By way of background, the 2016 Defence Industry Policy Statement—upon which the new plan seeks to build—eschews dealing directly with two factors that traditionally dominate policy debate and remain critically important today. One is the extent to which government should pay a price premium to have defence capital equipment built domestically rather than overseas. The other is the degree to which market competition should be used as a method for equipment procurement.
Instead, elements of both factors are subsumed under the industry policy statement’s discussion of the industrial capabilities considered important to hold in-country, ostensibly for military–strategic reasons. Rather than designating these capabilities as a priority for the defence of the nation (the capability ‘should haves’), the statement adopts the concept of industrial sovereignty (the capability ‘must haves’).
Driven by a belief within government that priority industry capabilities (PICs) had ‘served their purpose’ and that it was ‘time to take a fresh view’, the industry policy statement expounds the virtues of a narrower, more selective approach.
Fast forward to 2018, and what kind of outcome did we get? Well, something that’s a little perplexing might be the best way to describe it. Leaving aside the impression that the method used to select sovereign industry capabilities is considerably more complex and opaque than the method underpinning the selection of PICs—when a ‘simpler and clearer’ approach was the stated objective—two aspects of the new plan stand out.
The first is that the plan doesn’t specify which among the PICs have been retained and now fall under the umbrella of industrial sovereignty. However, a close investigation suggests that most of those capabilities have been included in one form or another. Indeed, contrary to early indications, rebadged PICs appear to constitute the backbone of the new sovereignty framework.
The second is that the policy shift from ‘priority’ to ‘sovereignty’ didn’t narrow the scope of critical industrial capabilities. Instead, the government has moved in the opposite direction—greatly expanding the proportion of defence industry now deemed to be of the highest military–strategic value.
Expansion occurred through several avenues. A number of rebadged PICs have been reshaped to include a broader range of goods and services. Submarines provide just one example: the industrial capability necessary to support the upgrade of the combat system has been superseded by the capability needed to sustain most elements of the vessels.
Equally, significant capabilities have been added that weren’t included as PICs—the most important being naval shipbuilding, combat vehicle manufacture and aircraft deep maintenance.

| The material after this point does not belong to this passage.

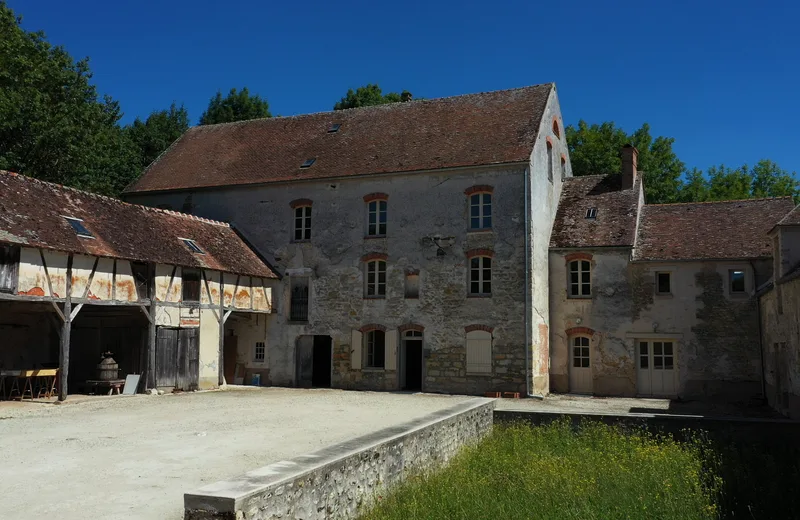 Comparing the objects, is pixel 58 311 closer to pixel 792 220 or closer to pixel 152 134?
pixel 792 220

Each of these capabilities is, or will soon become, a major contributor to defence industry activity.
Unfortunately, the plan makes no specific mention of why naval shipbuilding and vehicle manufacture in particular are now sovereign capabilities. Nor does the document indicate, even in approximate terms, what proportion of defence industry now enjoys sovereign status. These are significant omissions.

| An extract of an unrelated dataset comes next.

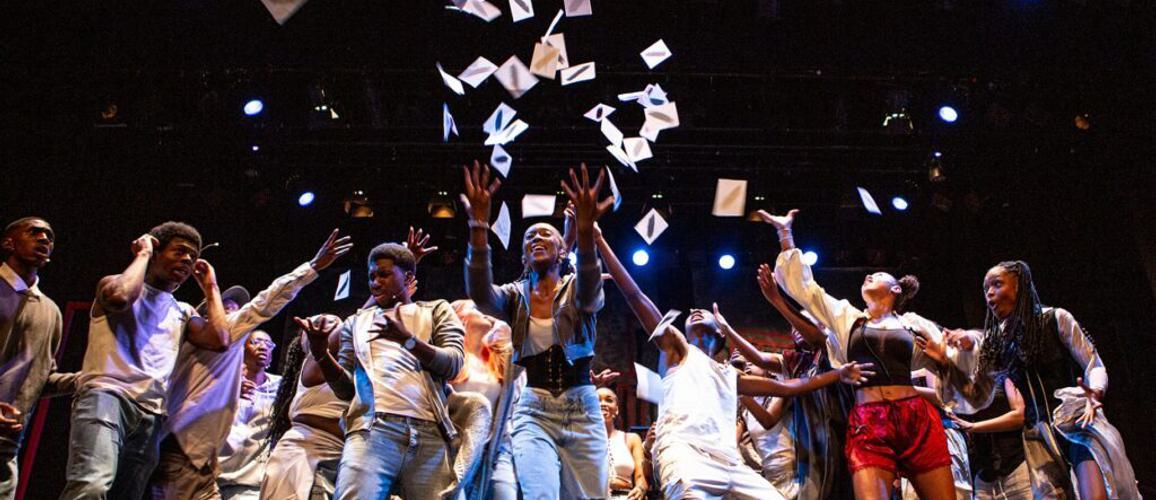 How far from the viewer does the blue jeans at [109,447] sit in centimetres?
292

However, in relation to the last of these points, what is clear is that this proportion is well above the figure of roughly 20% ascribed to PICs. Indeed, the magnitude of the expansion—driven primarily, but not exclusively, by naval shipbuilding and vehicle manufacture—moves Australia from a situation in which a small proportion of its defence industrial base was considered especially important to retain in-country for military–strategic reasons to a situation where only a small proportion of the industry isn’t considered especially important. That’s a big shift.
There’s little evidence in the plan or elsewhere to indicate that this shift is the result of some PICs being too narrowly defined previously—such as cyber, which is now designated as sovereign but had been excluded from the PIC on electronic warfare. Nor is there much evidence that the shift is a result of changes in the structure of the ADF and Australia’s strategic outlook since the PICs were introduced more than a decade ago.
Consequently, the single most important factor behind the shift seems to be a change in definition—away from sovereignty as a concept based purely on military–strategic necessity and towards a concept based to a significant extent, and perhaps even predominantly, on whatever industrial capability falls within Australia’s technical reach.
If so, the plan moves defence industry policy much closer to the notion of industrial self-reliance (as distinct from industrial sovereignty) than has been the case for many decades.
A critically important issue in relation to all of this is what the cost of the shift to sovereignty might involve. With so much of an already highly concentrated defence industry now protected from direct import competition by virtue of its sovereign status, the questions naturally arise as to what effect this might have on the cost of procuring capital equipment and what measures Defence has in place to ensure that value for money is achieved.
On this, and other key issues raised above, the new plan is largely silent.